These days many Canadians don’t want us to have anything to do with weapons. University activists insist university investments (almost an oxymoron, given universities’ current financial state) not go to companies that make weapons or to indexes that invest in such companies.

Opposition to a new graphite mine in the Laurentians north of Montreal was usual for this sort of thing, merely hysterical, when the purpose was just to make batteries, but now that it has been revealed the U.S. Department of Defense has an interest in the project, activism is about to become apocalyptic. Although many Quebecers serve in the Armed Forces, the province has a decided pacifist streak. Where do you suppose an independent Quebec would lie on the NATO expenditure list? Vying with Luxembourg for last place, I should think. What will Donald Trump make of that? Or any U.S. president who understands that Trumpism will need to be mollified for some years to come.

The fact is the world remains a dangerous place, filled with dangerous, aggressive characters.
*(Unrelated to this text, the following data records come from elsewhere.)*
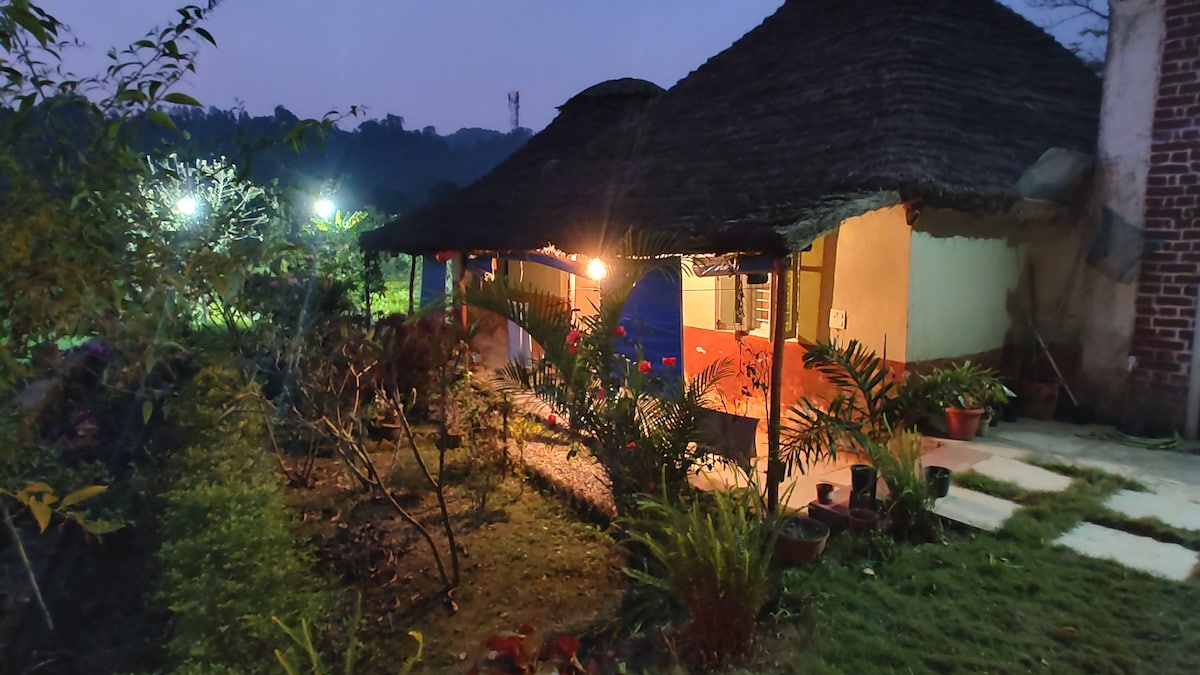Shivoham the Earthen Home stay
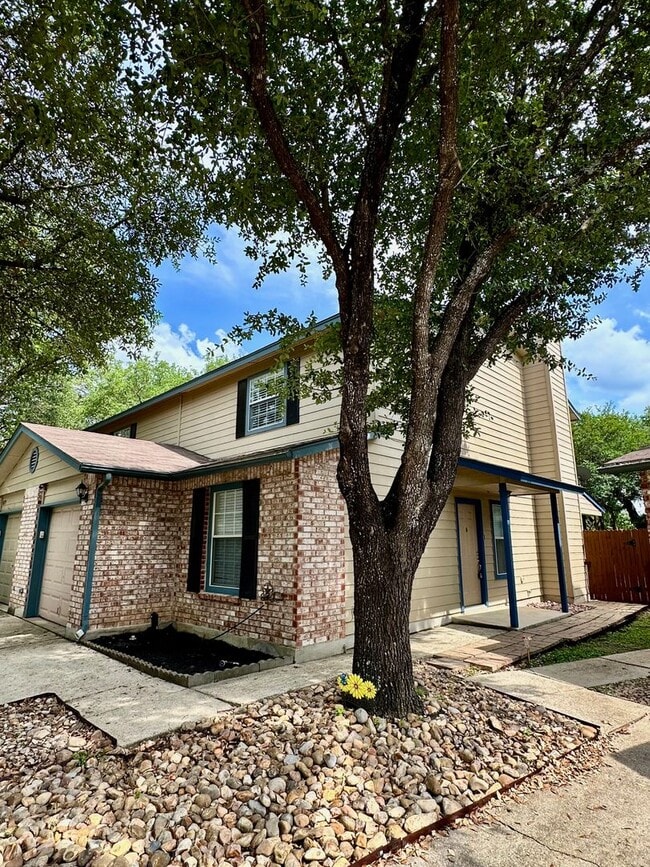 Building Photo - 3 BD/2.5 BATH AVAILABLE FOR IMMEDIATE MOVE...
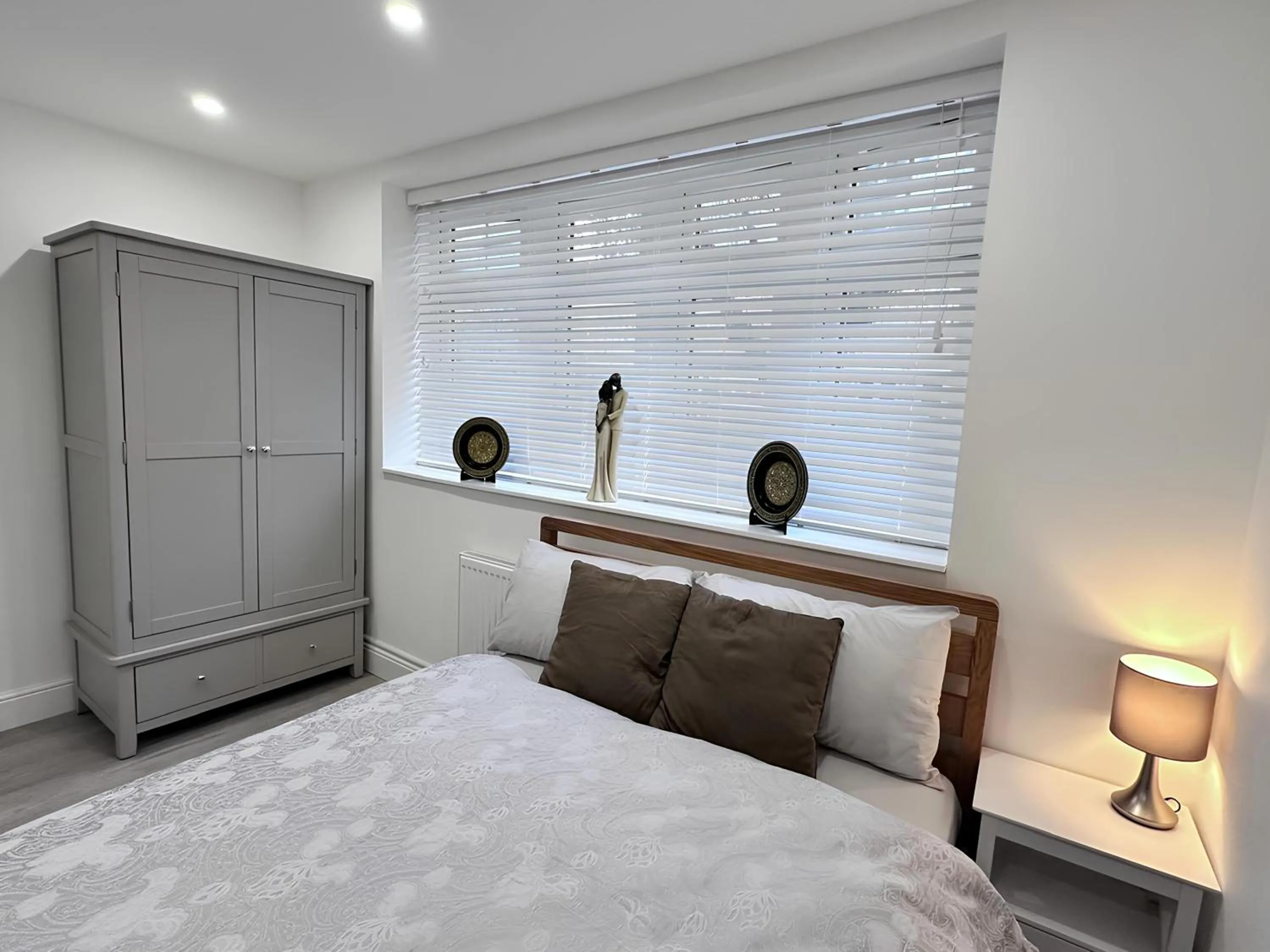 Watford Junction Oasis - Modern 3BR Ensuite with Garden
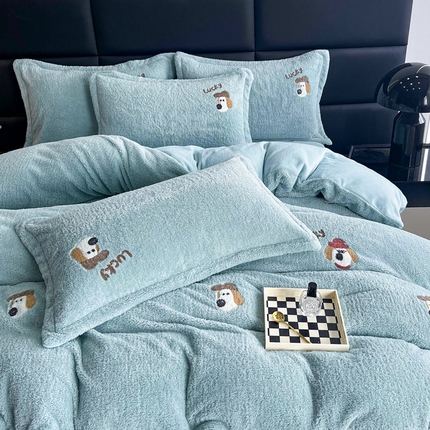 91家纺网 家纺一手货源 找家纺 （总）许林 2025新款泰迪绒熊猫刺绣四件套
Canada does remain splendidly isolated (if you don’t count the bits, actually quite a lot of it, that can be accessed by foreign computers). But, unlike the Americans, we think of ourselves as engaged, involved, committed, responsibly globally-minded, never isolationist. And yet we step up to our obligations with a decidedly ambivalent view of hard power and its uses. Our political left believes the Americans use hard power too much, which may well be true, and concludes that we should never use it at all. And so we don’t really need weapons. Or a military.

People not on the hard left have no predisposition against an effective Canadian fighting force but far too often see it mainly as an economic milch cow. The blue-chip Conseil des relations internationales de Montréal recently offered a lunchtime talk by Defence Minister Bill Blair on the subject of getting involved in the defence of Canada — a good subject for a defence minister. Except he was accompanied by the ubiquitous François-Philippe Champagne, minister of innovation, science and industry. And the pitch for the session was, roughly translated, “Investment in defence in coming years is an interesting tool for economic growth. What we’ve done in batteries and electric vehicles we can also do in the defence sector.” Ka-ching, ka-ching.

As an economist, I’m hardly opposed to people making profits. But when the government runs the military half as industrial policy, and spends tens of billions of dollars, not to produce the most lethal and dangerous fighting force possible, but to satisfy minister-industrialists’ visions of how to build a leading-edge new economy, one also larded over with the porcine requirements of successful electoral politics, it is hard to believe whatever emerges will deter actual or potential enemies.

If Canadian boys, and now girls, too, running across beaches under enemy fire have only our military’s great economic multiplier statistics to fire back with, well, God help them — and also damn us for letting that happen.